PGIM Real Estate has shifted its senior housing investment strategy to adopt a more “open-ended” fund model.
That’s according to PGIM Managing Director Steve Blazejewski, who recently spoke to digital publication Wealth Management about the company’s shift in strategy.
Of note is that the shift will change PGIM’s senior housing investment strategy from closed-end funds to investing in open-ended funds. The reason, Blazejewski explained, is that investors in the space have grown more savvy as the product type has become more mainstream. He added the company’s senior housing investment strategy must develop a “more perpetual structure.”
“We have over $30 billion invested in various open-ended fund structures,” Blazejewski said in the interview with Wealth Management. “There is an opportunity for the senior housing sector to move in that direction.”

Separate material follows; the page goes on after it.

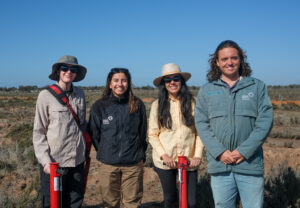 The team standing in front of the planting rows.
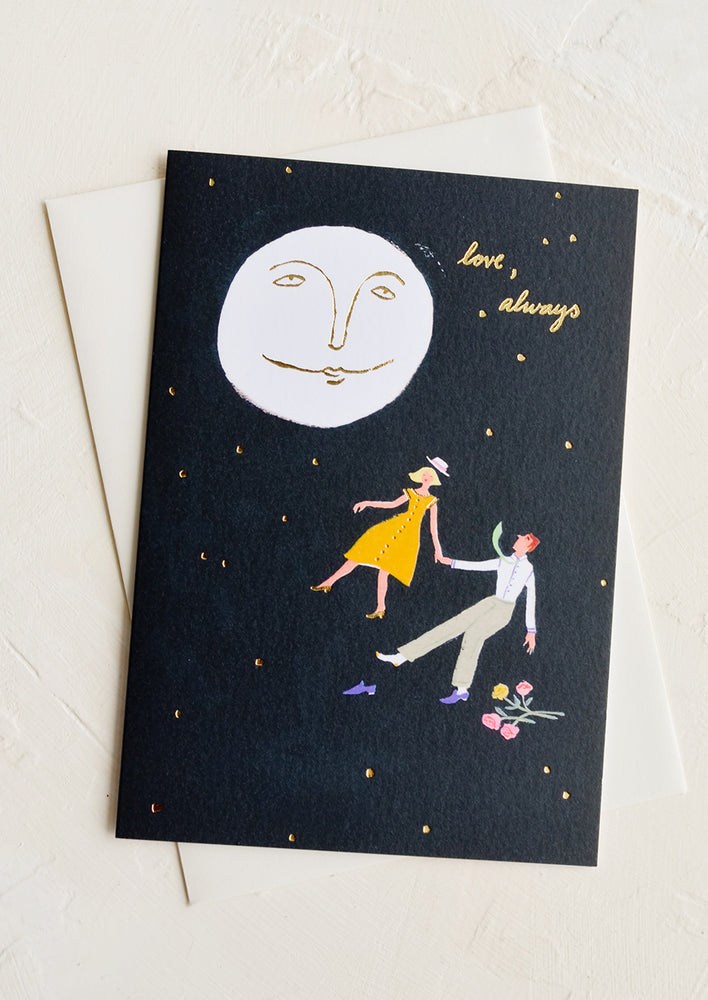 1: A greeting card with image of couple and moon, text reads "love, always".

In a nutshell, open-ended funds are different from closed-end funds in that there is no limit to the number of shares they can issue or redeem with shareholders. While the company’s investment strategy is changing with the move, Blazejewski said it would not impact the way the company works with its operating partners.
Creating a more “evergreen structure,” Blazejewski said, gives investors “semi-permanent exposure with liquidity, taking away so-called ‘vintage risk.'”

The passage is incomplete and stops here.